## Task description
Only the words of the entries are wanted, repeated exactly and without images.

## Data supplied
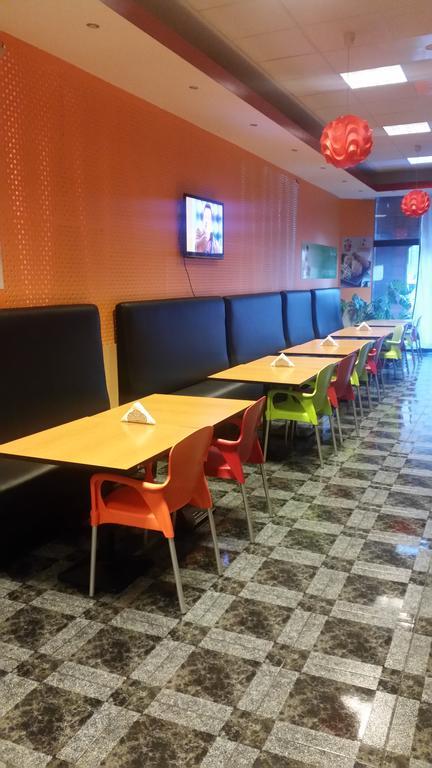 日出公寓酒店 Sint-Jans-Molenbeek 外观 照片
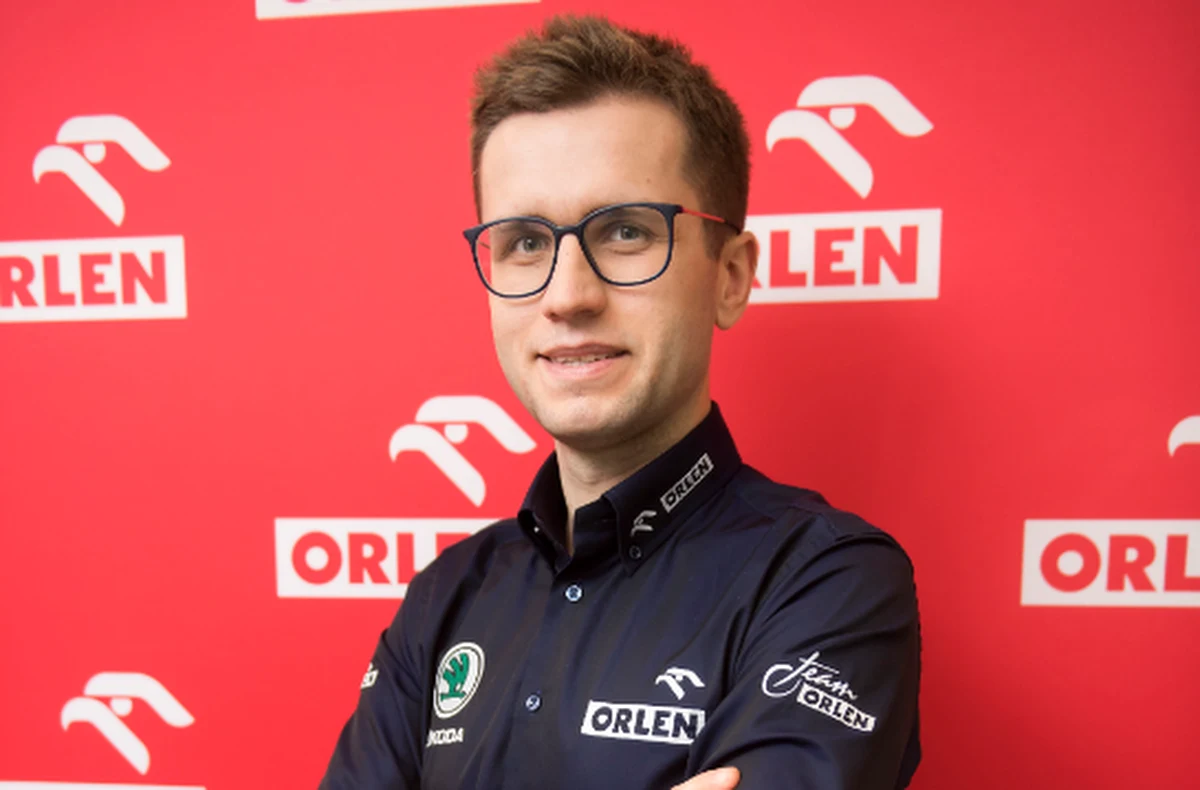 Rajdowi mistrzowie Polski ruszają po doświadczenia do Europy! Załoga Miko Marczyk i Szymon Gospodarczyk wystartuje w mistrzostwach Europy juniorów. Załoga Skody zyskała w tym sezonie wsparcie Orlenu i wystartuje w sześciu rajdach na Starym Kontynencie. O nowym rozdziale w karierze najlepszego w zeszłym roku w Polsce duetu z Miko Marczykiem i Szymonem Gospodarczykiem rozmawiał Paweł Pawłowski.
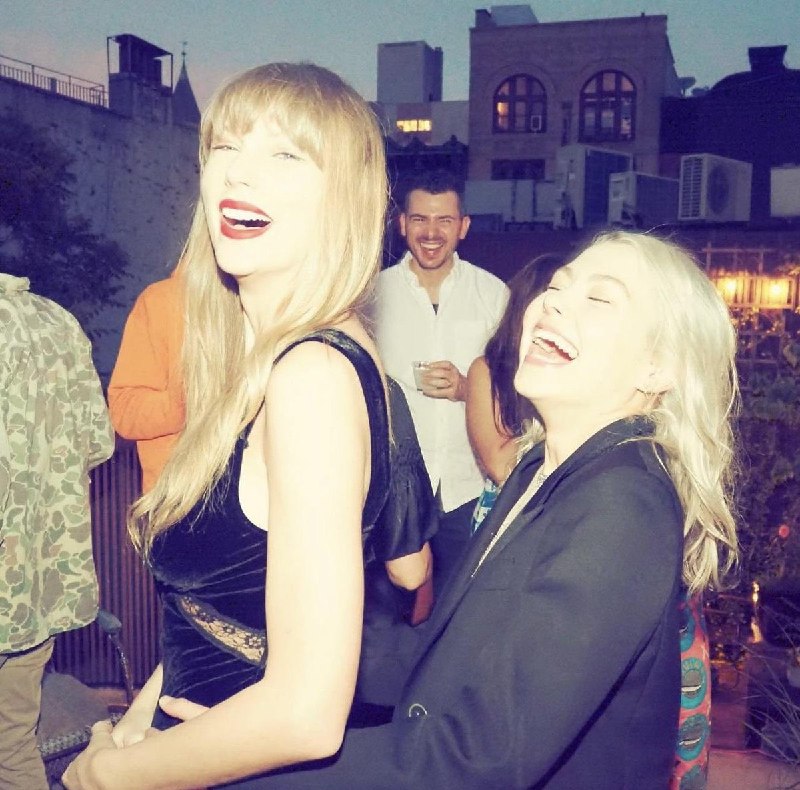 Taylor Swift: — تیلور سوییفت در استوری اینستاگرامش از آلبوم Lost Weekend اثر Phoebe Bridgers تعریف کرد و تولدش را تبریک گفت:💬 «امروز ت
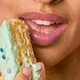 Пептидный бальзам для губ TOWER 28 Confetti Cake LipSoftie™ Lip Treatment - изображение 3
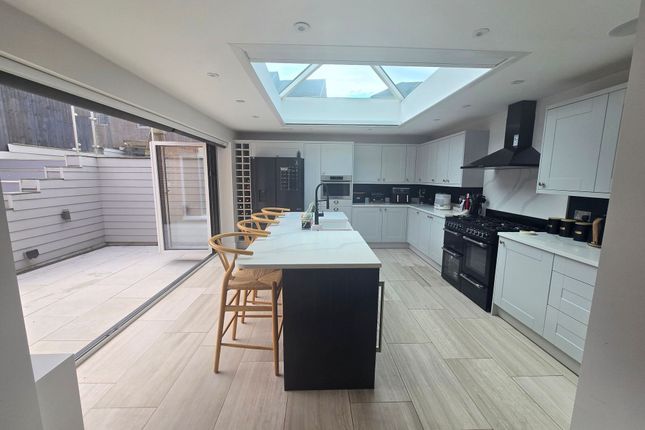 27 Ffordd Y Dolau, Pontyclun photo 2
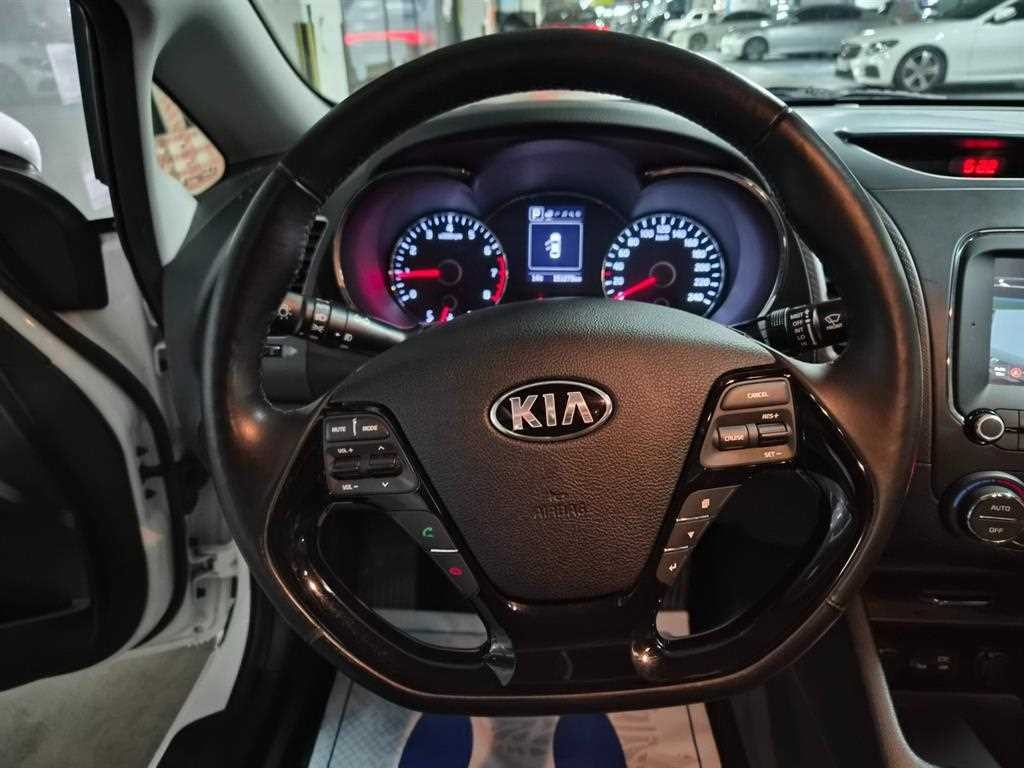 기아 K3 더뉴 K3 1.6 GDI 프레스티지 기본형 이미지 8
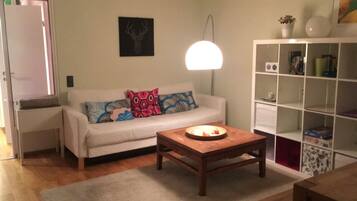 Bücher, Musikbibliothek, Stereoanlage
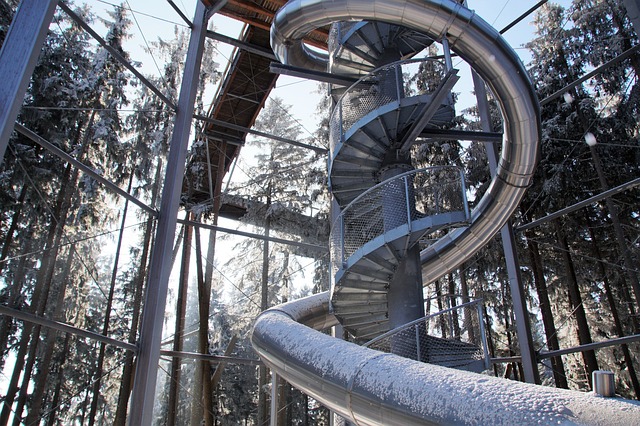 inflatable-water-slides-640x480-69213808.jpeg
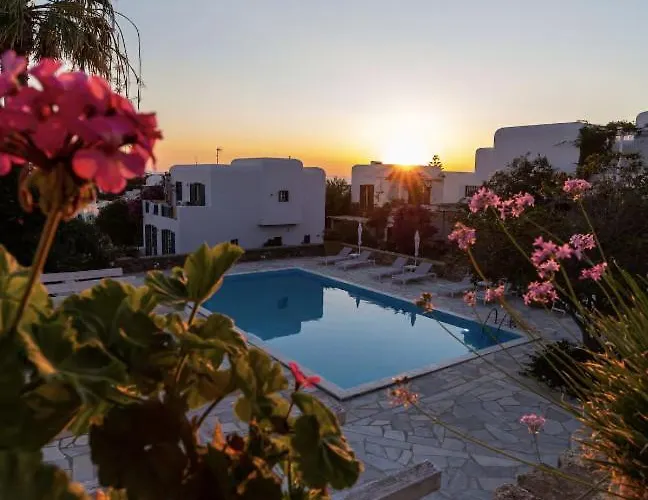 Neso - Stylish Poolside Escape For 6 In Lejlighed *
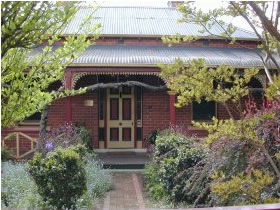 FINCHES OF BEECHWORTH - Accommodation Gladstone 0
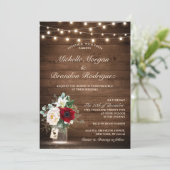 Rustikale Holzsaitenlichter Burgundy Blumenhochzei Einladung (Stehend Vorderseite)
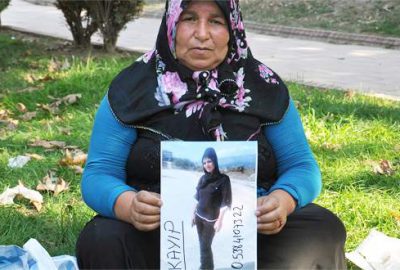 İznik’te 4 gündür kayıp olan kızlarını arıyorlar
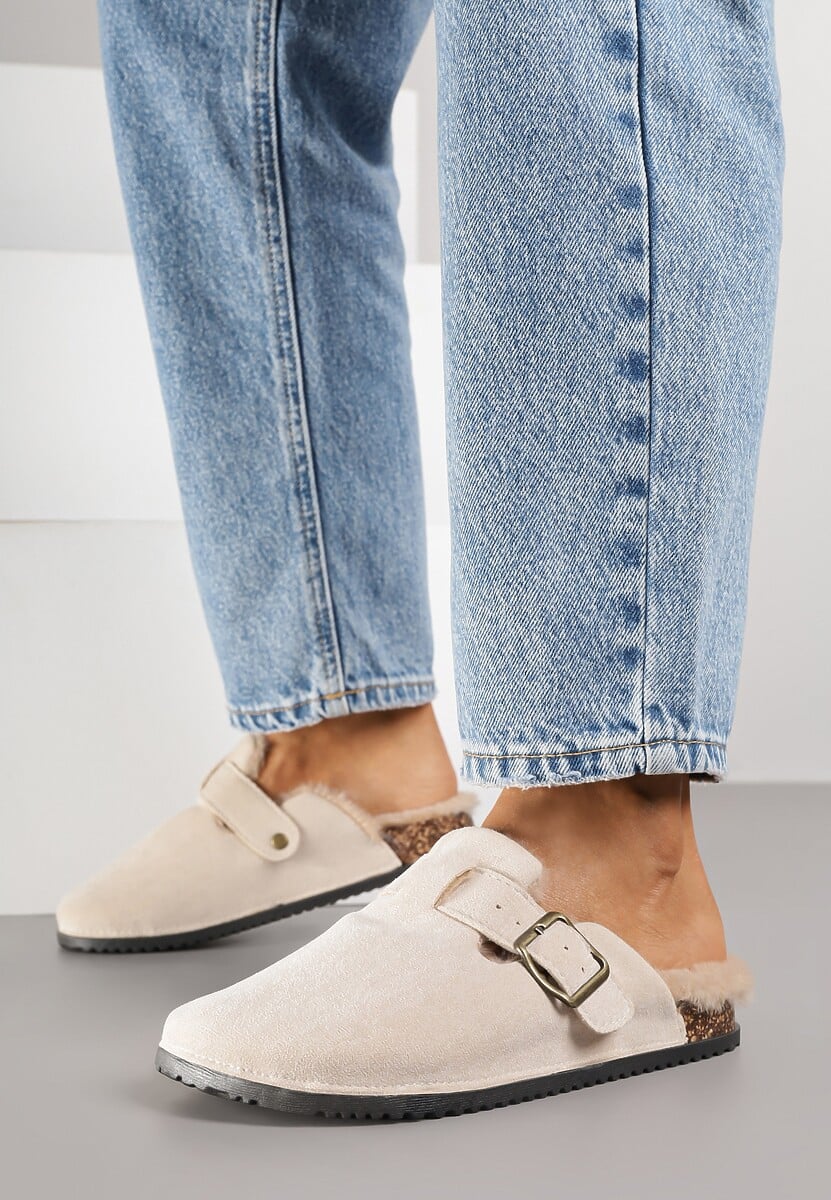 Beżowe Kapcie Typu Chodaki na Podeszwie z Korka Ozdobione Klamrą Alanelle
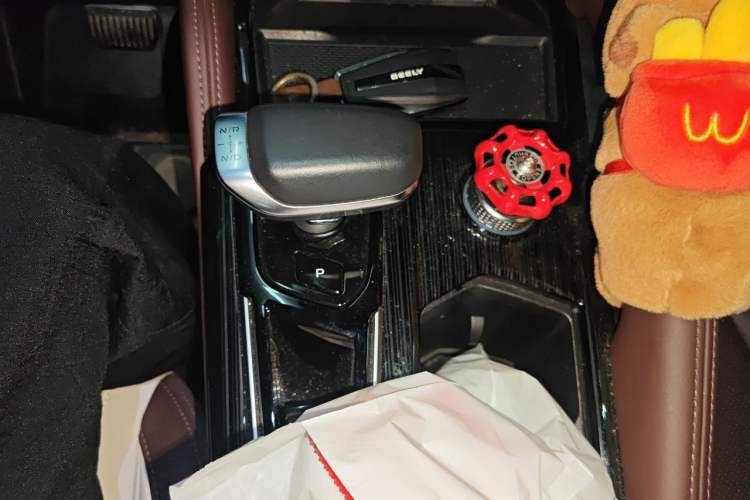 Used Geely Auto Monjaro L 2021 2.0TD DCT EVO Two-Wheel Drive Smart Luxury Version Gear Lever
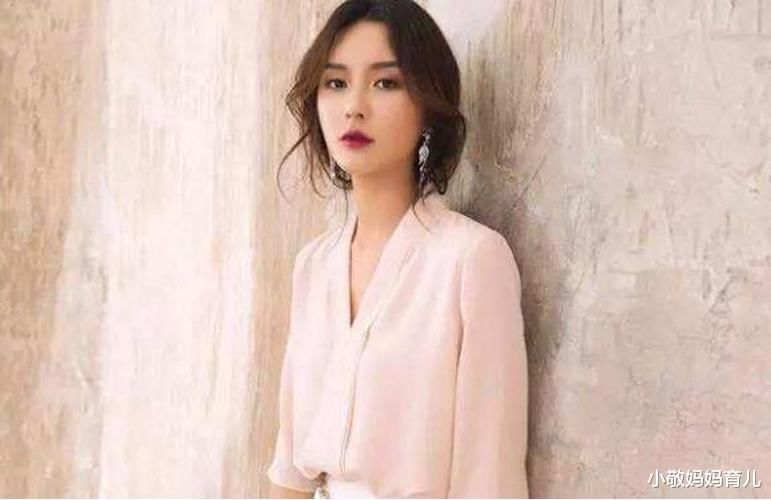 扶弟|继“扶弟魔”后，“中华田园女”也被列入黑名单，家有女儿得看看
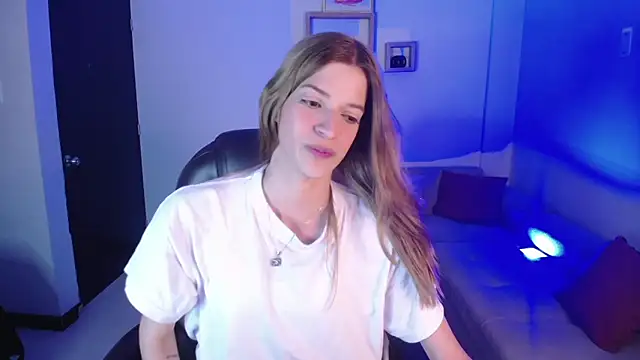 Nora Vennucci online show from December 31, 2024, 7:29 pm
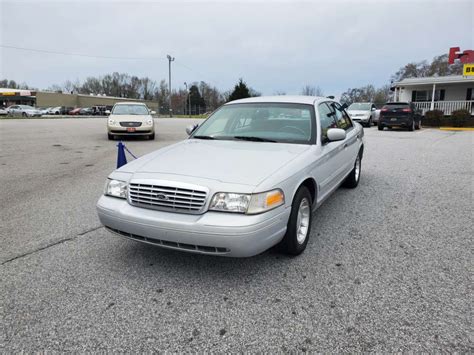 2000 Ford Crown victoria photo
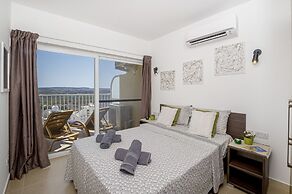 Summer Breeze with Panoramic terrace by Getaways Malta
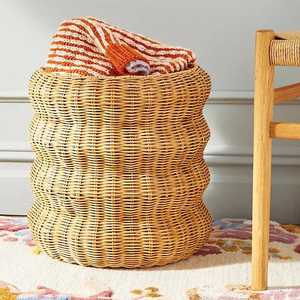 Nuevo Lanzamiento: Cesta de Almacenamiento de Ratán Ondulado Pintada a Mano para Decoración del Hogar - Product Image 6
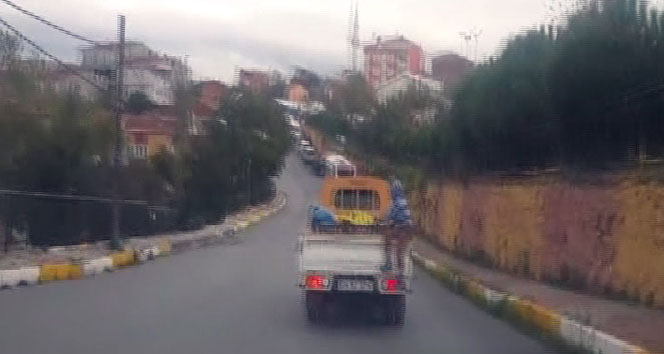 Küçük çocuğun kamyonetteki tehlikeli yolculuğu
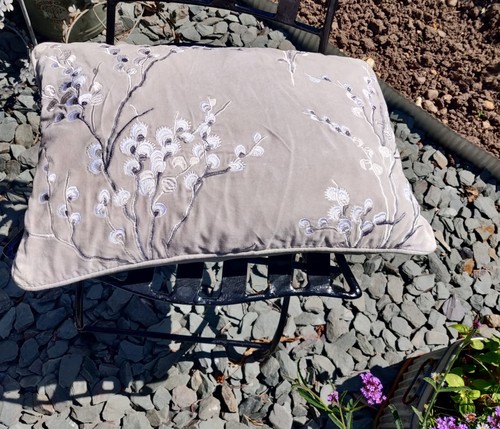 Laura ashley pussy willow - laura,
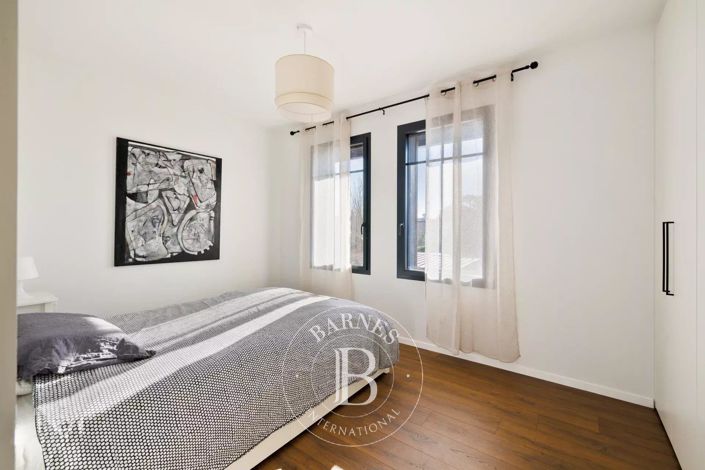 Image No.13-4 Bed House for sale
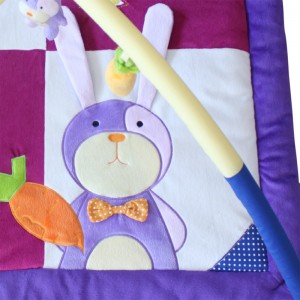 Квадратный игровой коврик - кролик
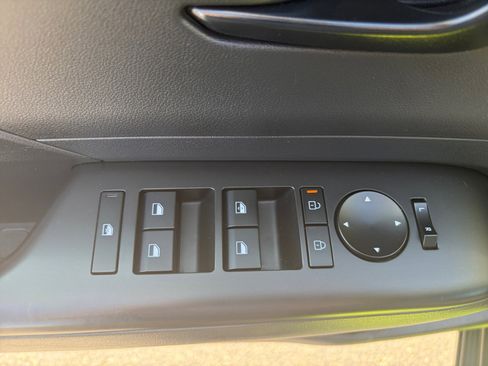 Used 2025 Hyundai Kona SEL AWD/4WD image 14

## Task response
 日出公寓酒店 Sint-Jans-Molenbeek 外观 照片
 Rajdowi mistrzowie Polski ruszają po doświadczenia do Europy! Załoga Miko Marczyk i Szymon Gospodarczyk wystartuje w mistrzostwach Europy juniorów. Załoga Skody zyskała w tym sezonie wsparcie Orlenu i wystartuje w sześciu rajdach na Starym Kontynencie. O nowym rozdziale w karierze najlepszego w zeszłym roku w Polsce duetu z Miko Marczykiem i Szymonem Gospodarczykiem rozmawiał Paweł Pawłowski.
 Taylor Swift: — تیلور سوییفت در استوری اینستاگرامش از آلبوم Lost Weekend اثر Phoebe Bridgers تعریف کرد و تولدش را تبریک گفت:💬 «امروز ت
 Пептидный бальзам для губ TOWER 28 Confetti Cake LipSoftie™ Lip Treatment - изображение 3
 27 Ffordd Y Dolau, Pontyclun photo 2
 기아 K3 더뉴 K3 1.6 GDI 프레스티지 기본형 이미지 8
 Bücher, Musikbibliothek, Stereoanlage
 inflatable-water-slides-640x480-69213808.jpeg
 Neso - Stylish Poolside Escape For 6 In Lejlighed *
 FINCHES OF BEECHWORTH - Accommodation Gladstone 0
 Rustikale Holzsaitenlichter Burgundy Blumenhochzei Einladung (Stehend Vorderseite)
 İznik’te 4 gündür kayıp olan kızlarını arıyorlar
 Beżowe Kapcie Typu Chodaki na Podeszwie z Korka Ozdobione Klamrą Alanelle
 Used Geely Auto Monjaro L 2021 2.0TD DCT EVO Two-Wheel Drive Smart Luxury Version Gear Lever
 扶弟|继“扶弟魔”后，“中华田园女”也被列入黑名单，家有女儿得看看
 Nora Vennucci online show from December 31, 2024, 7:29 pm
 2000 Ford Crown victoria photo
 Summer Breeze with Panoramic terrace by Getaways Malta
 Nuevo Lanzamiento: Cesta de Almacenamiento de Ratán Ondulado Pintada a Mano para Decoración del Hogar - Product Image 6
 Küçük çocuğun kamyonetteki tehlikeli yolculuğu
 Laura ashley pussy willow - laura,
 Image No.13-4 Bed House for sale
 Квадратный игровой коврик - кролик
 Used 2025 Hyundai Kona SEL AWD/4WD image 14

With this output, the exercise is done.